Read like Sarah Jessica Parker
The Happy Reader is a bookish magazine made for Penguin by the editors of Fantastic Man. The structure is fabulously simple: there will be an interview with a celebrity reader (previous interviewees have included Kristen Scott Thomas, Grace Wales Bonner and Jarvis Cocker); and there will be a book of the season, which acts as the inspiration for the art, profiles, and letters printed in the second half of the magazine.
The celebrity interview in this latest issue is with Sarah Jessica Parker. It is in the form of a Q&A, which I usually find to be a cop out. The pleasure of a celebrity interview is usually less about what the celebrity is actually saying, more about the way they are profiled: what are they wearing? What does their face do when asked an uncomfortable question? etc.

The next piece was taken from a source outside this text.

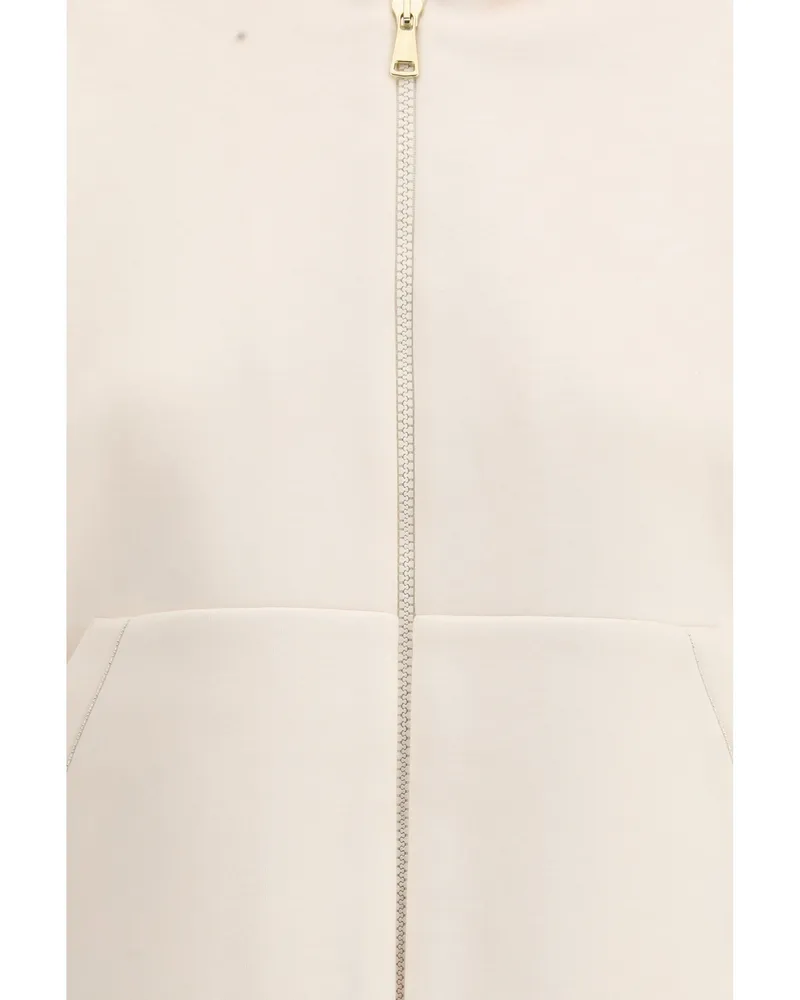 Fabiana Filippi Women's Hooded Sweatshirt Cream Modal Sweatshirts Sweater Cream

Not so with The Happy Reader: Parker is interviewed by the writer Paul Flynn, and the conversation is strangely intimate because it is rooted in a shared love of books. One passage, where Parker describes her first apartment in New York — which was leant to her by a friend, Timothy, who was sick with HIV — is more beautiful, and more revealing, than any celebrity profile I have read:
“My mom cooked some food and put it in a jar, drove me to New York city and dropped me off. He’d left me the keys at the deli next door. It was a loft near a club called Trax, near a very expensive shoe store called To Boot, opposite a Chemical Bank, a store called Parachute and of course a coffee shop, just down the street from Gray’s Papaya, one of my favourite restaurants. I loved it. Everybody rang that bell, my bell, all night long looking for Trax. Timothy came and stayed with me. He said, ‘I’m sick’. He was gone within a year and a half of his diagnosis. So, that was my first apartment in New York. It was Timothy’s.”

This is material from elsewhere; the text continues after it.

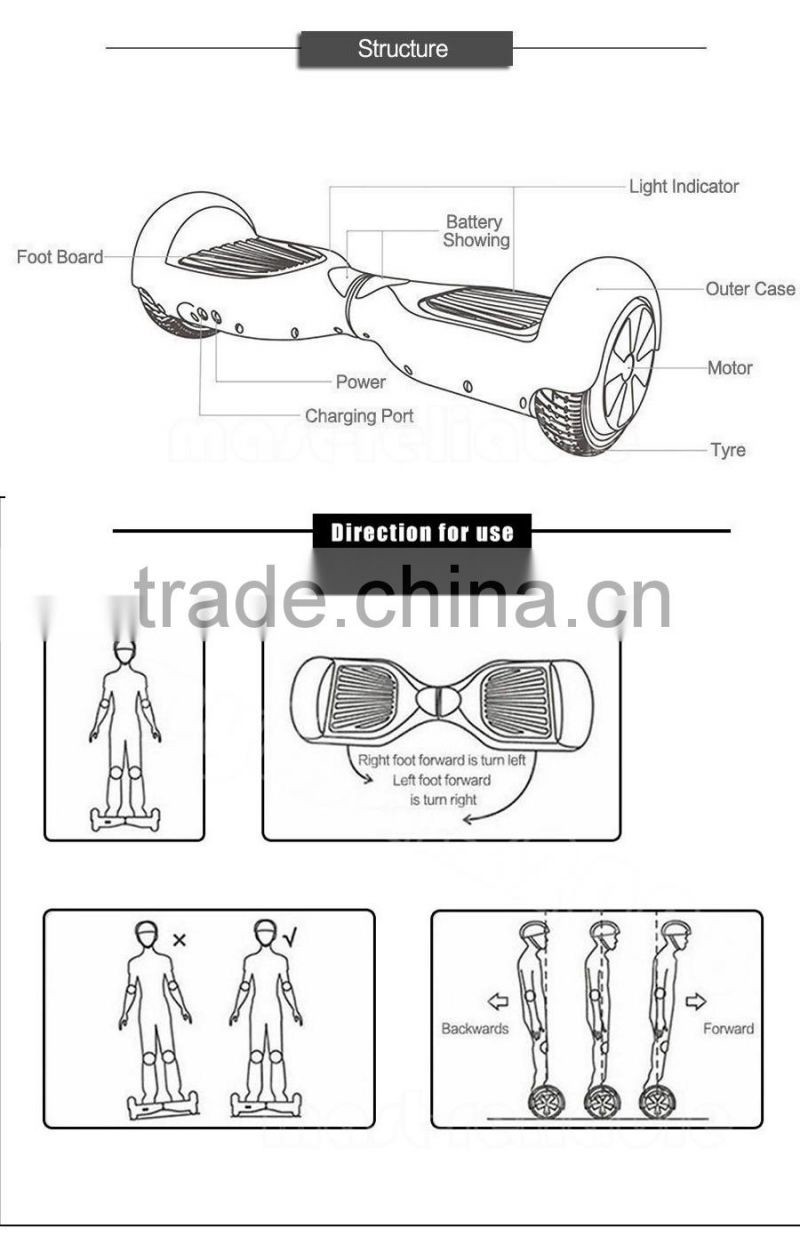 6.5 inch Smart Unicycle 2 Wheel Self Balancing Electric Scooter Balance Hover Board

The interview is footnoted, lusciously, with surprising little details. Donna Tartt is mentioned, and the footnote tells you about her iconic style: “menswear-inspired outfits involving pinstripe suits, trench coats and bright ties”; Manolo Blahnik’s footnote tells you that his favourite book is Gustave Flaubert’s Madame Bovary.
The Happy Reader is an exploration, and a celebration, of the many ways you can tell a story. This is a magazine finely attuned to the pleasure of the writer, or interviewee’s, voice; and the curious way one story blossoms into another: Sarah Jessica Parker’s story becomes Manolo Blahnik’s, which, in turn, becomes Flaubert’s.